## Your instructions
Go through the records below and set each one down exactly, leaving out any pictures.

[[ Records shown open ]]

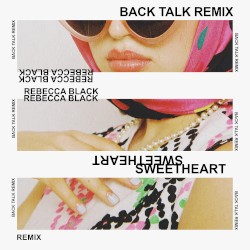 Sweetheart (Dance Yourself Clean remix)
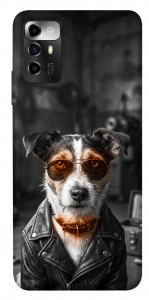 Чехол Jack rassel для ZTE Blade A72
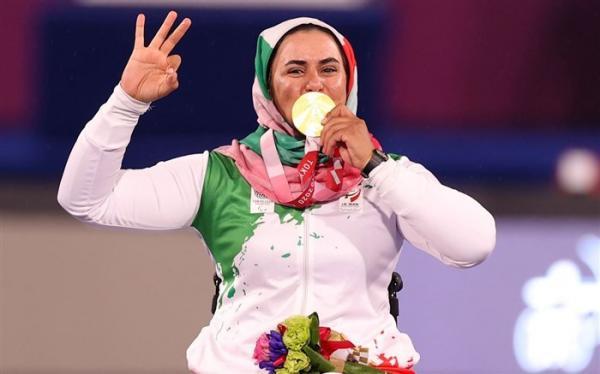 کارنامه شیرین در پارالمپیک خاص؛ ورزش ایران توکیو را فراموش نمی کند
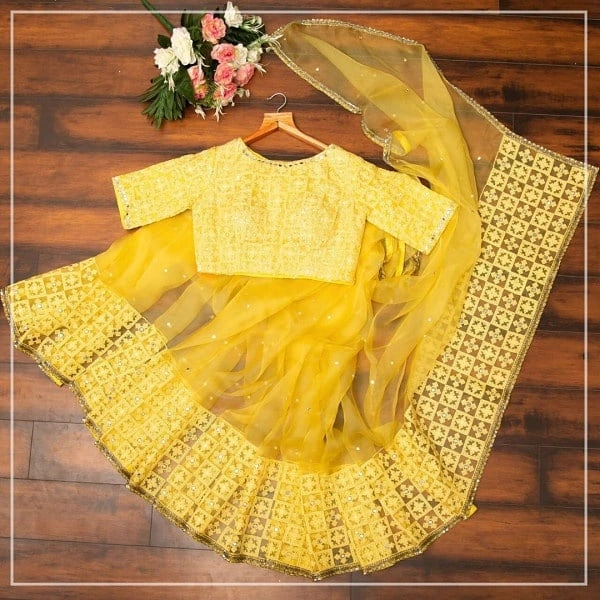 Silk Saree 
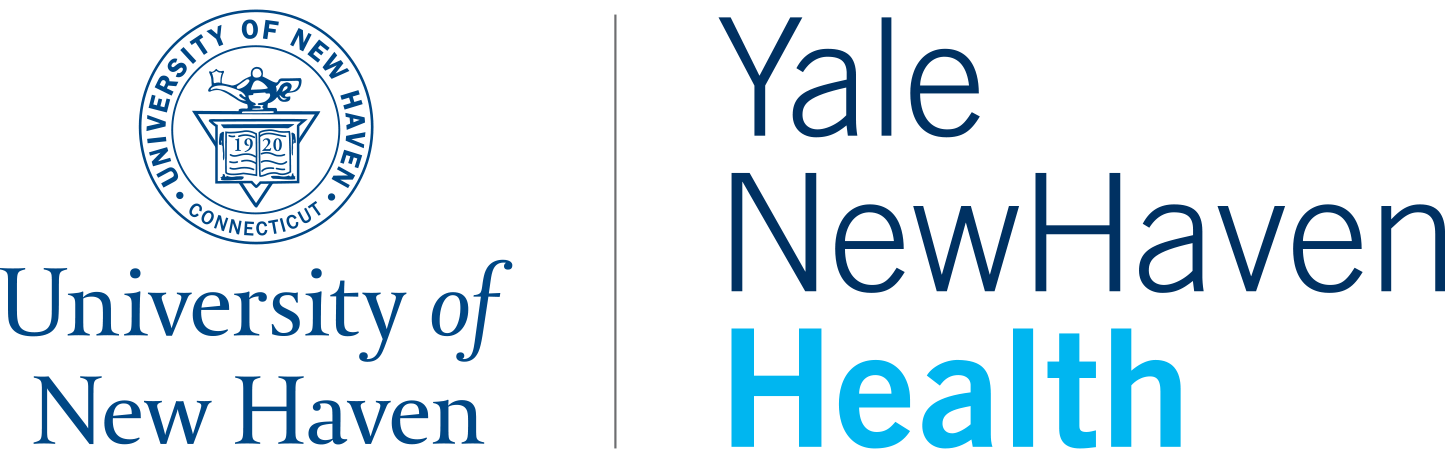 Yale New Haven Health logo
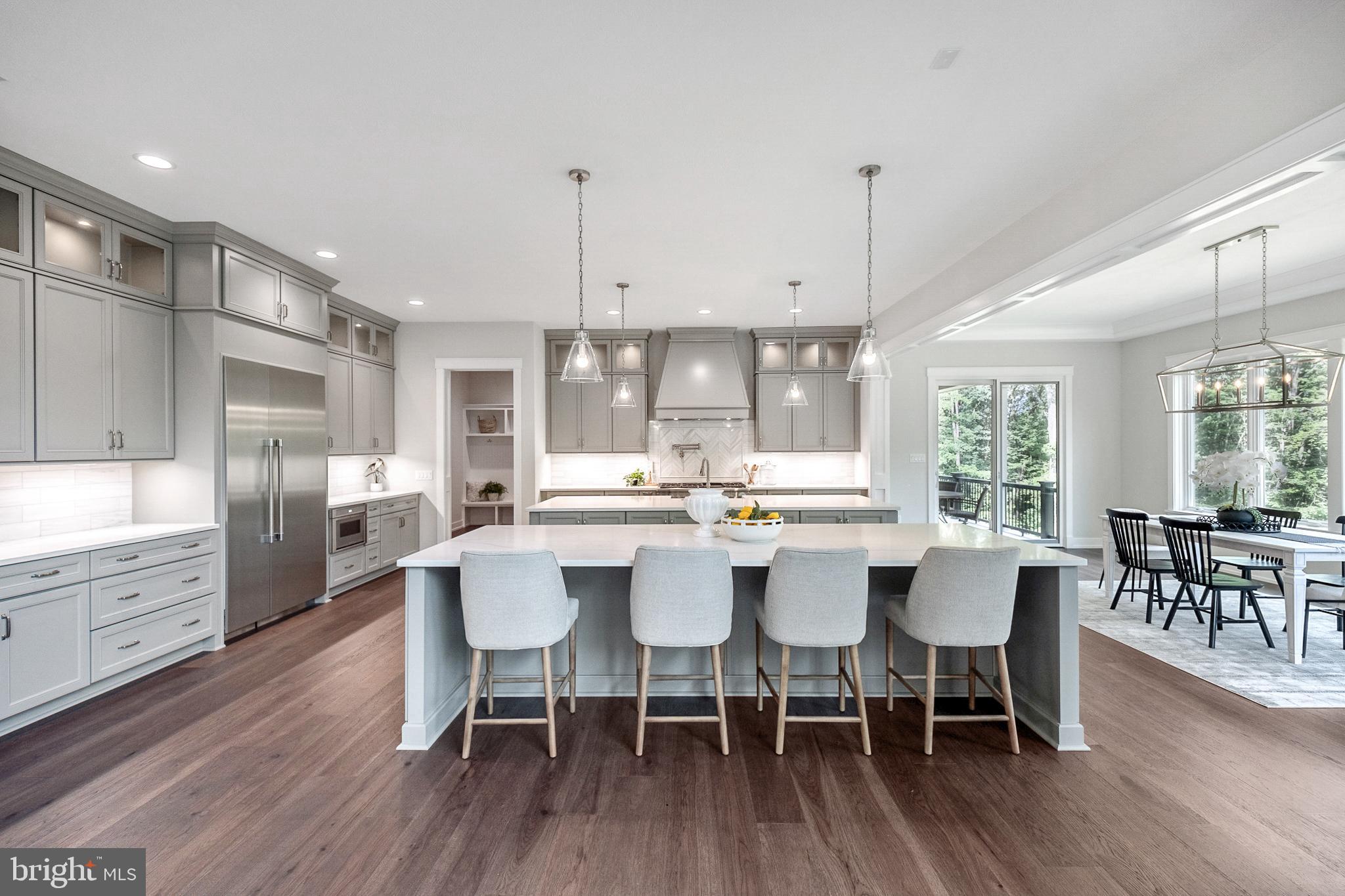 OAKWOOD - Residential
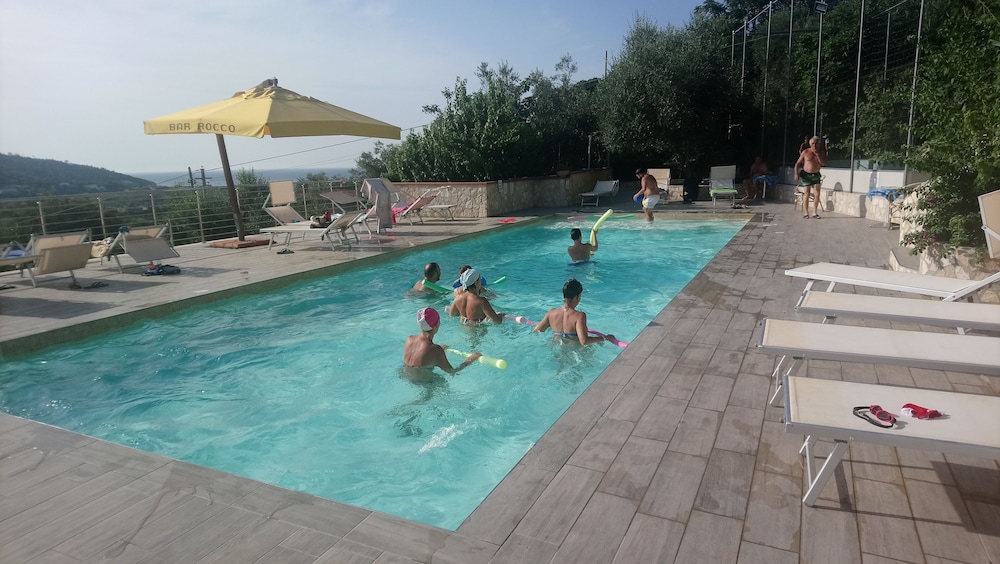 Liberato Puglia Vacanze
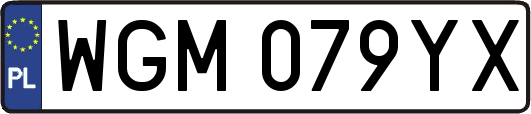 WGM079YX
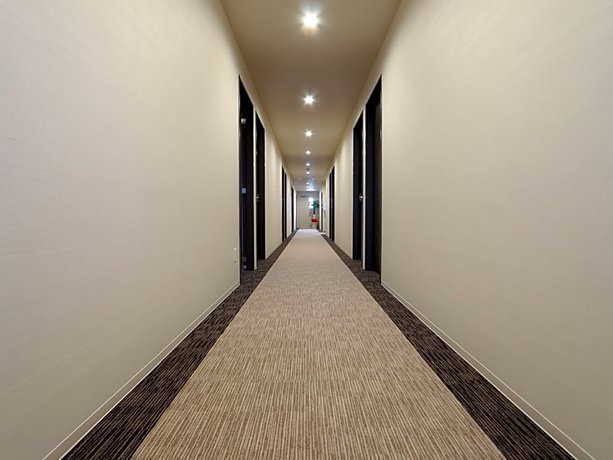 Hotel Livemax Chiba-Ekimae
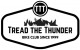 Tread The Thunder Bike Club logo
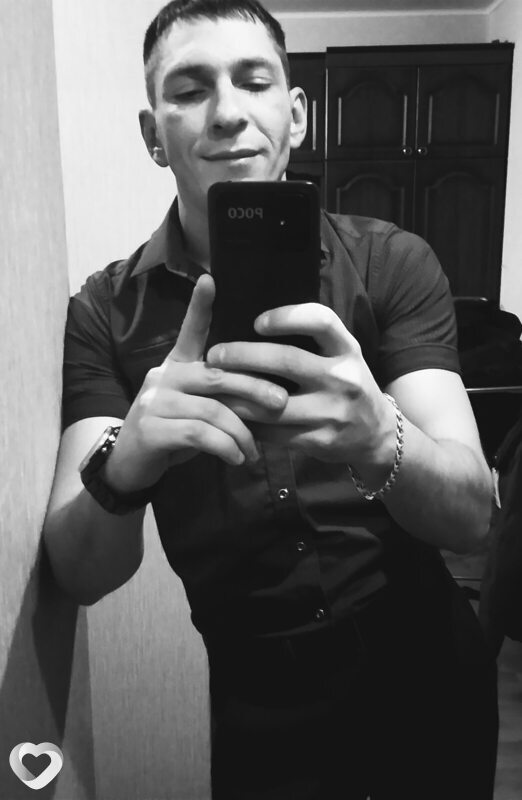Руслан, 36, Липецке — анкета №932791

[[ Records shown closed ]]

## Answer
 Sweetheart (Dance Yourself Clean remix)
 Чехол Jack rassel для ZTE Blade A72
 کارنامه شیرین در پارالمپیک خاص؛ ورزش ایران توکیو را فراموش نمی کند
 Silk Saree 
 Yale New Haven Health logo
 OAKWOOD - Residential
 Liberato Puglia Vacanze
 WGM079YX
 Hotel Livemax Chiba-Ekimae
 Tread The Thunder Bike Club logo
Руслан, 36, Липецке — анкета №932791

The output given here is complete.